Exercise
Below is a set of records. Repeat all of them exactly.

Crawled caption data
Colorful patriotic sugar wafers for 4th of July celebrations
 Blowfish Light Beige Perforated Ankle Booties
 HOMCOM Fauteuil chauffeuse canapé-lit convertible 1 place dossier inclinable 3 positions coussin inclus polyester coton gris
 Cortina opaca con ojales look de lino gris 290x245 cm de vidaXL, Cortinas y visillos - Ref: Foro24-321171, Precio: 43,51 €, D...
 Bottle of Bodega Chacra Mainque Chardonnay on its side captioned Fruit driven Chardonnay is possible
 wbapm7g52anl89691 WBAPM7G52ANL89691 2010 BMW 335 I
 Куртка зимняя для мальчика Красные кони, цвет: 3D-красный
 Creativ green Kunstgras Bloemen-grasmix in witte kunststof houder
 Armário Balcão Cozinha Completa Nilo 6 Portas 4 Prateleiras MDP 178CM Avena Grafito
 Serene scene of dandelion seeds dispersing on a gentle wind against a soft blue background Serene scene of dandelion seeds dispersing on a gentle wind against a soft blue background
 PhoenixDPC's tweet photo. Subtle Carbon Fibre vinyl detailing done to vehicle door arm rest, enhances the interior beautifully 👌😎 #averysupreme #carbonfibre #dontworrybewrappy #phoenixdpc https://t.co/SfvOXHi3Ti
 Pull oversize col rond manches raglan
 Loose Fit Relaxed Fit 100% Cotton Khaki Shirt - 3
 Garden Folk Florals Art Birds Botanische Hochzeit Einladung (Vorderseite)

Expected output
Colorful patriotic sugar wafers for 4th of July celebrations
 Blowfish Light Beige Perforated Ankle Booties
 HOMCOM Fauteuil chauffeuse canapé-lit convertible 1 place dossier inclinable 3 positions coussin inclus polyester coton gris
 Cortina opaca con ojales look de lino gris 290x245 cm de vidaXL, Cortinas y visillos - Ref: Foro24-321171, Precio: 43,51 €, D...
 Bottle of Bodega Chacra Mainque Chardonnay on its side captioned Fruit driven Chardonnay is possible
 wbapm7g52anl89691 WBAPM7G52ANL89691 2010 BMW 335 I
 Куртка зимняя для мальчика Красные кони, цвет: 3D-красный
 Creativ green Kunstgras Bloemen-grasmix in witte kunststof houder
 Armário Balcão Cozinha Completa Nilo 6 Portas 4 Prateleiras MDP 178CM Avena Grafito
 Serene scene of dandelion seeds dispersing on a gentle wind against a soft blue background Serene scene of dandelion seeds dispersing on a gentle wind against a soft blue background
 PhoenixDPC's tweet photo. Subtle Carbon Fibre vinyl detailing done to vehicle door arm rest, enhances the interior beautifully 👌😎 #averysupreme #carbonfibre #dontworrybewrappy #phoenixdpc https://t.co/SfvOXHi3Ti
 Pull oversize col rond manches raglan
 Loose Fit Relaxed Fit 100% Cotton Khaki Shirt - 3
 Garden Folk Florals Art Birds Botanische Hochzeit Einladung (Vorderseite)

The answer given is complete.